MARGUERITE-Ha oui… Thérèse, elle est géniale Thérèse.
FRANCOISE-- J’me souviens, c'était en juillet, on avait fait un pique-nique. En rentrant, on a appris qu’on était viré par décision de la croix rouge et du ministère de l’intérieur. La plupart des filles ont été placées
dans des centres, éloignés les uns des autres. On avait pourtant réussi à discuter le règlement et à choisir les éducateurs. Il n’y avait pas assez de place pour tout le monde, je me suis retrouvée dehors.
Qu’est-ce que je vais devenir ?
MARGUERITE-Attends… je vais interroger l'oracle…
Françoise s’effondre en larmes sur la table. Marguerite sort ses cartes de son sac, et se met en transe.
Quand
elle fait sa prédiction, elle prend un air de sorcière qui lirait une formule dans son grimoire, puis, elle se met en transe, regardant vers le haut elle lève les bras. Elle le voit le phallus néon électrifié, elle lui
parle comme à la statue d’un dieu. Sa prédiction terminée, elle retombe dans une sorte de léthargie
MARGUERITE--Aie confiance... Aie confiance... (Elle pose une carte). Crois-en mon expérience et prends patience… car
en vérité, avant un été... PHALUS SERA ECRABOUILLE. (Elle repose une carte). Matraques sur cheveux décolorés au heinné, bottes de sept lieux iront jusqu’aux cieux... La débandade ébranlée par toute une communauté...
(Elle pose une carte) PILULE ! (Elle repose une carte) AVORTEMENT ! (Elle se met en transe). EVENTREMENT ! Par les matraques émasculées. (Elle pose une carte) vagins en salades, clitos dans les choux... Naissance de la
jouissance, espérance et endurance... (Elle pose une carte). Militantes ardentes feront naître la parité... Je vois... Je vois... Les garantes de la mémoire collective, servante du pouvoir versatile, de l’encre sera
versée INDELIBILE. (Elle pose une carte). Egocentrique contre la trique ! Au tournant d’un grand moment ! Etonnant est toujours déroutant... (Elle prend une carte et la lève très haut) PHALUS... HO… GRAND… PHALUS...
NEON ELECTRIFIE, quand il n’y a plus de courant il fait noir dedans... SALOPE... SALOPE en panacée, MINISTRE INJURIE ! Des chiennes en aboiement, gardiennes du firmament. ABRACADABRAQUEMARD... ABRACADABRAQUEMARD...
Envolés les rêves tant espérés (Elle jette toutes les cartes en l'air) Je ne vois plus rien. (Elle tombe presque en syncope)
Françoise s'approche, inquiète, elle lui propose un verre d'eau.
FRANCOISE-Tu crois qu’il va y avoir la guerre HOMMES-FEMMES ?
MARGUERITE-Peace and love...
Scène III
Avant que Thérèse n'entre.
Narrateur :
Thérèse, l'autre copine de Françoise est
féministe, elle se prend pour Valérie SALANAS qui a écrit “ le premier manifeste de la libération de la femme ”. Les hommes sont des larves malfaisantes, lamentable accident de la génétique qu’un massacre politique
devra abolir. Le pouvoir des femelles est à nos portes. Le livre s’impose par sa violence. Thérèse n’écrit pas elle, elle manifeste.
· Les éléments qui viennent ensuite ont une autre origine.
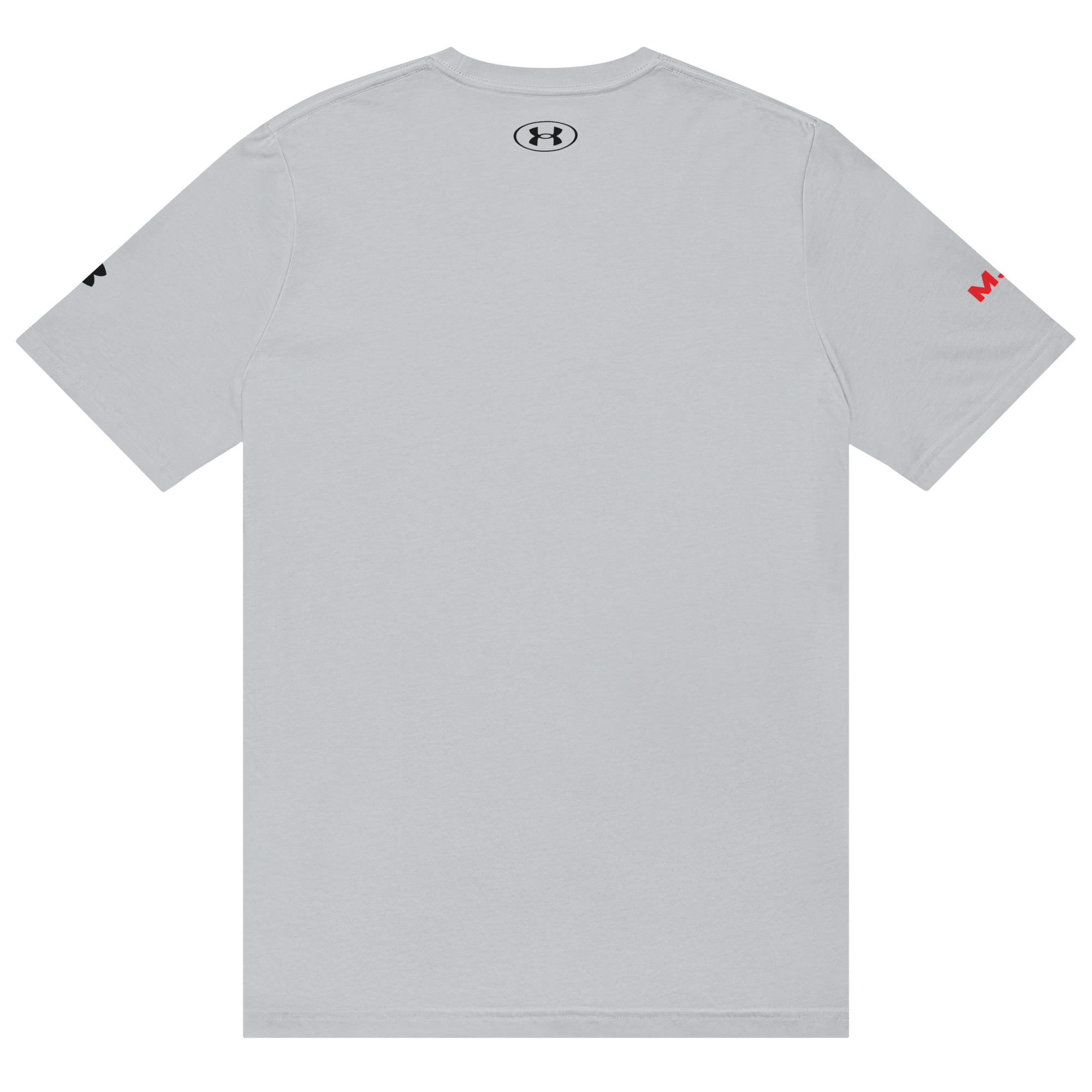 The Under ArmourⓇ athletic t-shirt features a light gray back view, a black logo below the collar, MAP in red on the right sleeve, and an embroidered CHAMP detail for added style. The Under ArmourⓇ athletic t-shirt features a light gray back view, a black logo below the collar, MAP in red on the right sleeve, and an embroidered CHAMP detail for added style.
THERESE : Elle est masculine, un pantalon de jean, une grande chemise avec les
manches relevées, quand elle arrive sur scène on pourrait la comparer à un tank, elle hurle, “ mon corps m’appartient ”, la voix sévère, grave, elle parle fort, elle est en guerre, elle tire sa chaise bruyamment, elle
s’assoit à califourchon, elle prend beaucoup d’espace, en un mot c’est RAMBO.
Thérèse entre en scène avec des pancartes sur lesquelles on peu lire “ MON CORPS M’APPARTIENT ”. Décorées de
guirlandes de soutient gorges.
THERESE-MON CORPS M’APPARTIENT... MON CORPS M’APPARTIENT... Toutes ensemble... Toutes ensemble...
Marguerite s’accroche derrière elle, suivit par Françoise, elles forment
une chenille, font le tour de la scène et se rassoient en riant.
Quand Thérèse est là, Françoise, tout à coup, voit une lueur d’espoir comme si Thérèse, à elle toute seule, était un déploiement des forces
militaires, elle croit en Thérèse qui va la sauver.
THERESE-J’arrive d’une “ manif ”, on s’est fait fracasser, il y avait des étudiants qui lançaient des pavés dans la gueule des C.R.S. Roberte, Chantal,
Josette, Nicole, on y était toutes, on s'est pas dégonflé, quand on a vu le bordel, on y a été aussi. Non mais, faut pas déconner, y en a marre ! Y en a marre des bonhommes, nous aussi on veut bosser. Et puis quoi
encore on n'est pas leurs bonniches. Moi, je te dis que l' Marcel, il a beau être camionneur, c'est pas lui qui porte la culotte. On va quand même pas se laisser emmerder toute notre vie. OUI A LA PILULE ! OUI A
L'AVORTEMENT ! VIVE LA LIBERTE !
S’adressant à Marguerite.
THERESE-Qu’est-ce que tu fais, toi avec tes cartes ?
MARGUERITE-Je remontais le moral à Françoise, elle n’est pas bien.
THERESE-C’est encore ton bonhomme ? Quel con celui là ! Je t’avais prévenu… je te l’avais dis que c’était un connard… mais toi t'as rien voulu entendre. JE L’AIME ! Tu te rappelles ? Laisse le tomber ! Tu mérites
mieux que cette épave.
Françoise refond en larmes.
MARGUERITE-Ne pleure pas ma belle, ça va s'arranger, Thérèse t'es vraiment dure.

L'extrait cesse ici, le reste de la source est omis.